Le meurtrier du routard britannique Grace Millane a entamé un processus d'appel contre sa condamnation et sa peine de prison, a déclaré son avocat.

Rachael Reed QC, basée à Auckland, a déclaré à l'agence de presse de l'Autorité palestinienne: "Je peux confirmer que j'agis pour lui et un appel contre la condamnation et la condamnation a été déposé [devant la Cour d'appel de Nouvelle-Zélande]".
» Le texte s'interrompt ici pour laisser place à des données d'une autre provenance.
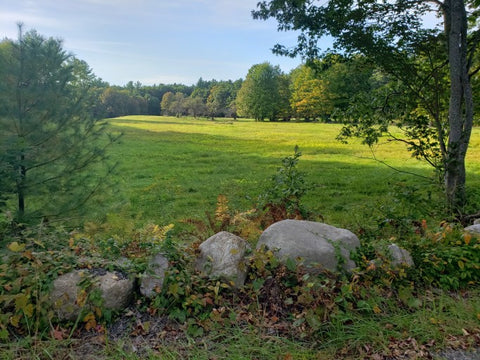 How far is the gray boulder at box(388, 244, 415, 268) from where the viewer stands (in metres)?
3.75

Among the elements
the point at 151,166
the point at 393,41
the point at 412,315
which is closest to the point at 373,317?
the point at 412,315

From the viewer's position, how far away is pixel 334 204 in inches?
334

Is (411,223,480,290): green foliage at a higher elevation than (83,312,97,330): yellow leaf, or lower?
higher

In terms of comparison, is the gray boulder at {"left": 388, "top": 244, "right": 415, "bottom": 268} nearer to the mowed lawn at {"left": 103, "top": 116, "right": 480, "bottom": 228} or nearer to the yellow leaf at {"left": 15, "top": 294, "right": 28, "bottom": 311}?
the mowed lawn at {"left": 103, "top": 116, "right": 480, "bottom": 228}

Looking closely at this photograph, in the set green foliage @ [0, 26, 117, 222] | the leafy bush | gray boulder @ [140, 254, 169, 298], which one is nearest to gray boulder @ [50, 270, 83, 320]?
gray boulder @ [140, 254, 169, 298]

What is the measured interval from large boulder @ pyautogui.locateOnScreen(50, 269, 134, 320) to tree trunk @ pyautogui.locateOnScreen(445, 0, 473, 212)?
4.74m

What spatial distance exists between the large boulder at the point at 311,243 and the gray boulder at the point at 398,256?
1.18ft

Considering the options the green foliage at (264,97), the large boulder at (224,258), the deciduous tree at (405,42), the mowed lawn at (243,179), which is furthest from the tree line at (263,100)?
the large boulder at (224,258)

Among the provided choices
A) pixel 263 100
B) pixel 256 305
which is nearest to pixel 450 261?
pixel 256 305

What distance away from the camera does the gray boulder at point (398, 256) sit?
12.3ft

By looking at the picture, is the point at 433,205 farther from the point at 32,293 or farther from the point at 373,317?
the point at 32,293

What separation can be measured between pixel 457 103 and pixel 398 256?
10.4 feet

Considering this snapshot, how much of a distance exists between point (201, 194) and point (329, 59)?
483 cm

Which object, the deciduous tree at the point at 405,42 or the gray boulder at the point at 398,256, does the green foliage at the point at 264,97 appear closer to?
the deciduous tree at the point at 405,42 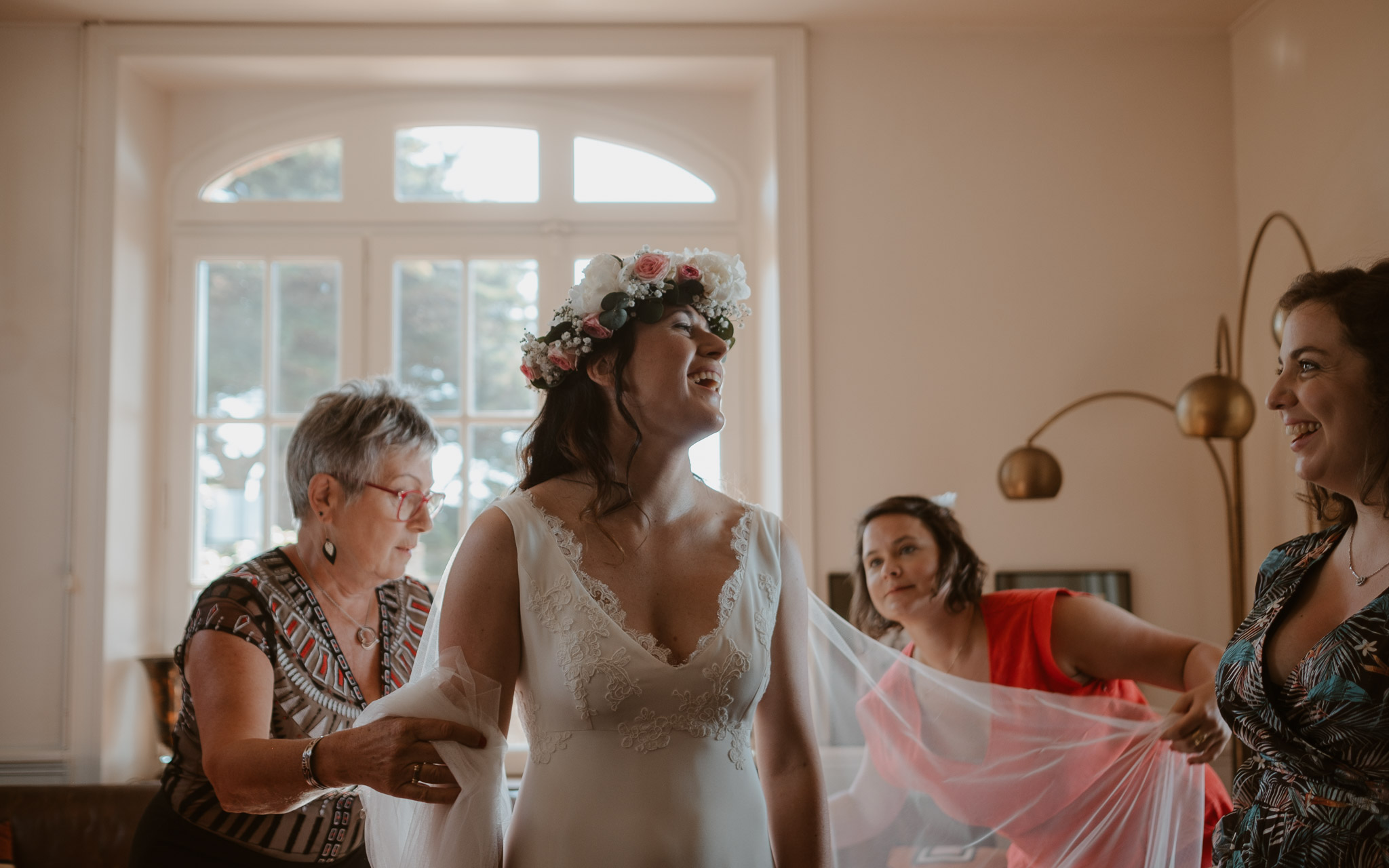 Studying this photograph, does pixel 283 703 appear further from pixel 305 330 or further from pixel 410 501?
pixel 305 330

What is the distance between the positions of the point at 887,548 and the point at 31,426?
11.1 ft

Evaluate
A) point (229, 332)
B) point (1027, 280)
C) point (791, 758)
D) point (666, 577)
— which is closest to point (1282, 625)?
point (791, 758)

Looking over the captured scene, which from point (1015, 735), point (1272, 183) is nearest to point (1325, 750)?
point (1015, 735)

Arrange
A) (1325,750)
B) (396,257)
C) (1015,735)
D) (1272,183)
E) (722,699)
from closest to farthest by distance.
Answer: (1325,750) → (722,699) → (1015,735) → (1272,183) → (396,257)

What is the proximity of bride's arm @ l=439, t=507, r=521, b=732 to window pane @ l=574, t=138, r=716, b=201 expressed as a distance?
3075mm

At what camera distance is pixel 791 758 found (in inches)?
67.4

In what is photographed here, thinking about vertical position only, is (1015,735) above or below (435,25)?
below

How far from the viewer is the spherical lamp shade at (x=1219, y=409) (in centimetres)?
320

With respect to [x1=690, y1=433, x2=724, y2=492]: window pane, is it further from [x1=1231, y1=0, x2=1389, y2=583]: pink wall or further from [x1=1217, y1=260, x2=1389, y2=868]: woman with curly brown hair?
[x1=1217, y1=260, x2=1389, y2=868]: woman with curly brown hair

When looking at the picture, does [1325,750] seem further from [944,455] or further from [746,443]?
[746,443]

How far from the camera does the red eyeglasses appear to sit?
2146 millimetres

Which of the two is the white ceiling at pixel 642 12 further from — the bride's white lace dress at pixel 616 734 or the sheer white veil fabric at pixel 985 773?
the bride's white lace dress at pixel 616 734

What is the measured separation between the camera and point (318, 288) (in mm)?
4332

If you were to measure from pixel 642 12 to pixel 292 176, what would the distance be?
1692 millimetres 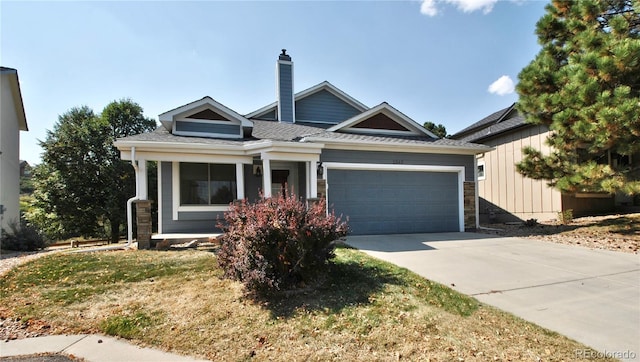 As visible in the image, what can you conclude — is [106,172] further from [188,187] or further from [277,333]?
[277,333]

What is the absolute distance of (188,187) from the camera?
34.2ft

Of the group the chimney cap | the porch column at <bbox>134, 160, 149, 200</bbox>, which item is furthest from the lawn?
the chimney cap

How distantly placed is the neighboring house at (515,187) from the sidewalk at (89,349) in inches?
497

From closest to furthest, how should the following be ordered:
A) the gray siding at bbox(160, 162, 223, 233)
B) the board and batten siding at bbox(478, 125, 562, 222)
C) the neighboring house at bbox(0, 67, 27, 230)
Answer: the gray siding at bbox(160, 162, 223, 233), the neighboring house at bbox(0, 67, 27, 230), the board and batten siding at bbox(478, 125, 562, 222)

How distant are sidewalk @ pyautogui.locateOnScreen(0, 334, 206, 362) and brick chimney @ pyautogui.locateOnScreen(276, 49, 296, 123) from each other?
439 inches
Les avocats Ian Brookie et Ron Mansfield ont dirigé la défense de l'homme de 28 ans, qui ne peut être nommé en raison d'une ordonnance de répression, lors de son procès.

Il a été reconnu coupable du meurtre de Mme Millane en l'étranglant dans un hôtel à Auckland après l'avoir rencontrée via Tinder le 1er décembre 2018 – la veille de son 22e anniversaire.

Le corps de Mme Millane a ensuite été retrouvé dans une valise enterrée dans une zone boisée à l'extérieur de la ville.

Le mois dernier, l'homme a été emprisonné pendant au moins 17 ans pour le meurtre.

L'homme a affirmé que Mme Millane était décédée accidentellement après que le couple eut eu des relations sexuelles brutales qui allaient trop loin.

En novembre, un jury a rejeté cet argument et a reconnu l'homme coupable.

Le meurtre s'accompagne généralement d'une peine à perpétuité en Nouvelle-Zélande. Les procureurs ont fait valoir avec succès que l'homme devait purger 17 ans avant de pouvoir prétendre à la libération conditionnelle.

M. Brookie et M. Mansfield avaient demandé que leur client d'alors purge une peine de 12 ans, indiquant plus tard qu'il ferait appel.

Lors de la détermination de la peine, le juge Simon Moore a déclaré au meurtrier que ses actions équivalaient à "une conduite qui souligne un manque d'empathie et un sentiment d'auto-droit et d'objectivation".

S'exprimant après la condamnation, l'inspecteur-détective Scott Beard de la police d'Auckland a déclaré que la mort était "insensée et inutile".